Como é feito o whisky?
Explicando brevemente, whisky é produzido a partir de grãos, sendo o principal deles a cevada, matéria prima dos whiskies sinlge malt. Nesse caso, o processo começa pela maltagem da cevada, ou seja, a germinação dos grãos, que aumenta a concentração de amido na cevada, que posteriormente será convertido em açúcar, e sua secagem.
Essa cevada maltada é moída e cozida em tonéis de água quente, sendo a mistura, conhecida como mosto, acrescida de levedura para dar início ao processo de fermentação, que produz o álcool.
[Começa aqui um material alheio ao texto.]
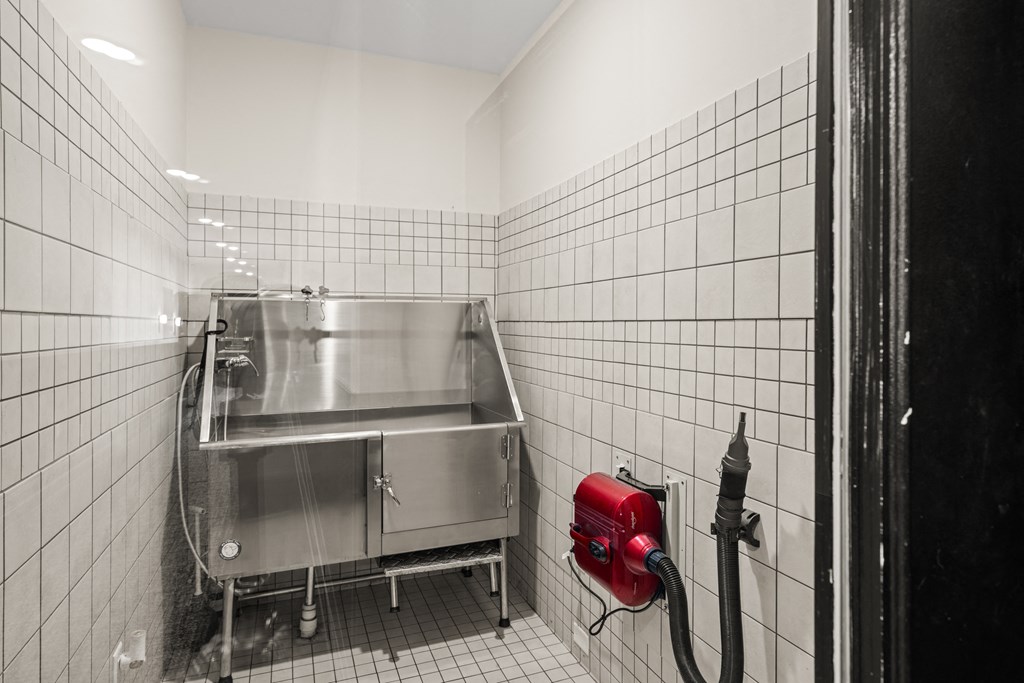 a bathroom with a sink and a red fire hydrant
Concluída essa etapa, tem início a destilação, que consiste na fervura do mosto dentro dos alambiques, que separa o álcool da água e produz o whisky pronto para o corte.
Depois disso, o whisky é depositado em barris de madeira (na maioria das vezes, barris de carvalho) para envelhecer e adquirir suas características de valor, respeitando a legislação vigente no país em questão no que diz respeito ao tempo de barril e ao processo posterior de envase.
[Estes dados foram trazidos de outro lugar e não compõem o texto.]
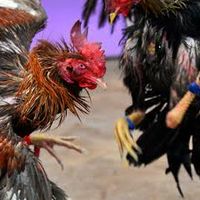 ประกบไก่ชน…พิษณุโลก(ทุกวันพุธ)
Jabir ibn Hayyan: o pai da destilação
O desenvolvimento do processo de destilação, imprescindível para a produção do whisky, é atribuído ao alquimista Jabir ibn Hayyan (721-815), que teria criado o primeiro alambique da história por volta da virada do século VIII para o século IX. O inventor é considerado um dos maiores polímatas do mundo muçulmano medieval, sendo creditado por diversas invenções e tratados, principalmente relacionados à química.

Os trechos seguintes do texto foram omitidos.